Из воспоминаний Иосифа Леонидовича Прута, оказавшегося после длительного лечения в Швейцарии в доме своей тетки в Одессе: «Мы остановились у тети Ани. В тот день эта старая дева собралась было ехать хоронить Горького, но в связи с тем, что, как выяснилось, умер не Алексей Максимович, а Лев Николаевич Толстой, она осталась дома. Тетя Аня занимала обширную квартиру на втором этаже. А на третьем жили Вайсбейны. Их сын Ледя, который был старше меня на 5 лет, стал впоследствии знаменитым советским эстрадным артистом Леонидом Осиповичем Утёсовым, с которым я дружил всю нашу жизнь… А в ту пору он был учеником гимназии Файга. Очень независимый, весьма способный к пению и, кроме того, успешно занимавшийся игрой на скрипке.

Вайсбейны держали своих детей в строгости, и у них никогда не находилось лишних пяти копеек для покупки лишней порции мороженого, которое он обожал!.. Деньги всегда были у меня: ими я в достатке снабжался тетей Аней и поэтому с радостью угощал своего нового товарища.

Надо сказать, что тетя Аня возмечтала сделать из меня пианиста, чем усиленно и занималась. Она заставляла своего бедного внучатого племянника ежедневно посещать музыкальную школу Столярского. А я ужасно не хотел быть пианистом, чем и поделился с Ледей. Он решительно заявил:

— Две порции мороженого — и я тебе помогу! Можешь быть уверен.

Действительно, в тот же вечер я услышал его разговор с моей почтенной родственницей:

— Совершенно не понимаю, Анна Исааковна…

— Интересно знать, чего ты, Ледя, не понимаешь?

— Почему вы водите своего внука к Столярскому? Ведь у вашего Оси нет никакого музыкального слуха!

— Дурак! — ответила тетя. — При чем тут слух?! Его же там будут учить играть, а не слушать!..

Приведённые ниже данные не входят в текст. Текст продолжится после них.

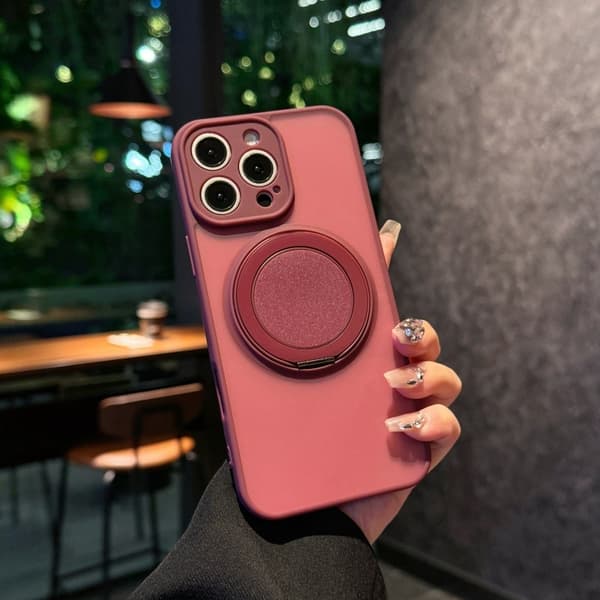 Etui til iPhone 17 Pro Max Plomme Roterende Stativ Matt Hudtekstur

Тогда прикончить проблему моего музыкального образования Ледя решил другим способом. Он достал мне большие портновские ножницы и составил текст моей декларации. Я выучил ее наизусть и вечером за ужином пригрозил тете Ане:

— Если ты от меня не отстанешь, я вот этими ножницами выстригу все струны в твоем пианино!

Больше меня не беспокоили. И пианистом я не стал…»

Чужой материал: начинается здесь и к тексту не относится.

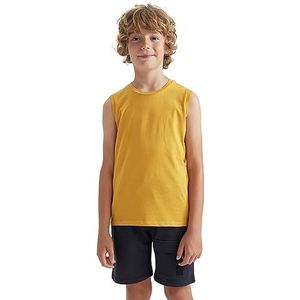 DeFacto Tanktop voor kinderen, stijlvol en comfortabel mouwloos shirt voor actieve kinderen, geel, 7-8 Jaar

А друг детства да и всей жизни Иосифа Прута Ледя Вайсбейн все же сделался музыкантом. Разумеется, он не мог оставаться только музыкантом — родители были уверены, что надо дать мальчику полноценное образование. Все пути вели Ледю в училище Файга, о котором стоит рассказать подробнее.

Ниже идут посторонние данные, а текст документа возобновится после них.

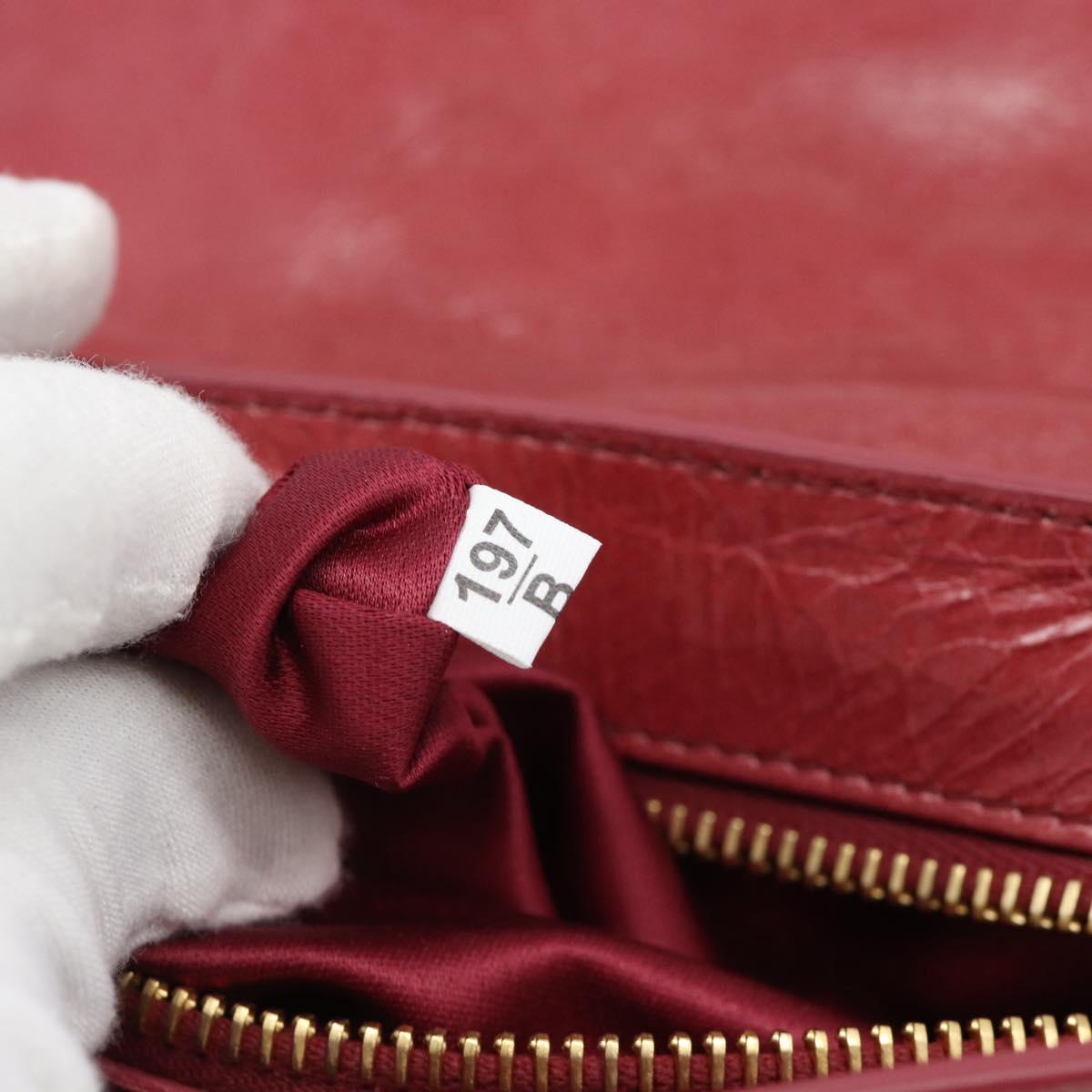 Miu Miu Shoulder Bag Leather Red Gold Auth BA13578A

Открытое в 1883 году в небольшом двухэтажном здании на углу улиц Елизаветинской и Торговой училище вскоре стало заметным в Одессе. В отличие от других реальных училищ и гимназий у Файга не было трехпроцентной нормы для евреев. Было лишь своеобразное ограничение: родители-евреи, определявшие своих детей в школу Файга, должны были привести туда же напарника православного исповедания. Вайсбейн обратился к соседу по Треугольному переулку — мяснику Кондрату Семеновичу — и предложил, чтобы его сын, мальчик годом старше Леди, пошел бы учиться вместе с ним. Он обещал взять на себя материальные расходы, связанные с учебой. Отец мальчика был не в восторге, но когда Вайсбейн сказал, что обеспечит ребенка ежедневными завтраками и школьной формой, он согласился.

К тому времени Иосиф Калманович уже знал, что в училище Файга работают замечательные педагоги. Директором его был уважаемый и знаменитый в Одессе профессор Новороссийского университета Федоров, большой поклонник музыки. О его увлечении музыкой знала вся Одесса — он был автором оперы «Бахчисарайский фонтан», постановку которой осуществил именно в училище Файга. Среди преподавателей училища было немало представителей русской интеллигенции, среди них — Петр Васильевич Катаев, отец будущего писателя Валентина Катаева. Все это придавало училищу Файга особую славу. Его даже ставили в один ряд с Ришельевской гимназией, в которой в разные времена училось немало поэтов и писателей — от Мицкевича до Бабеля и Липкина.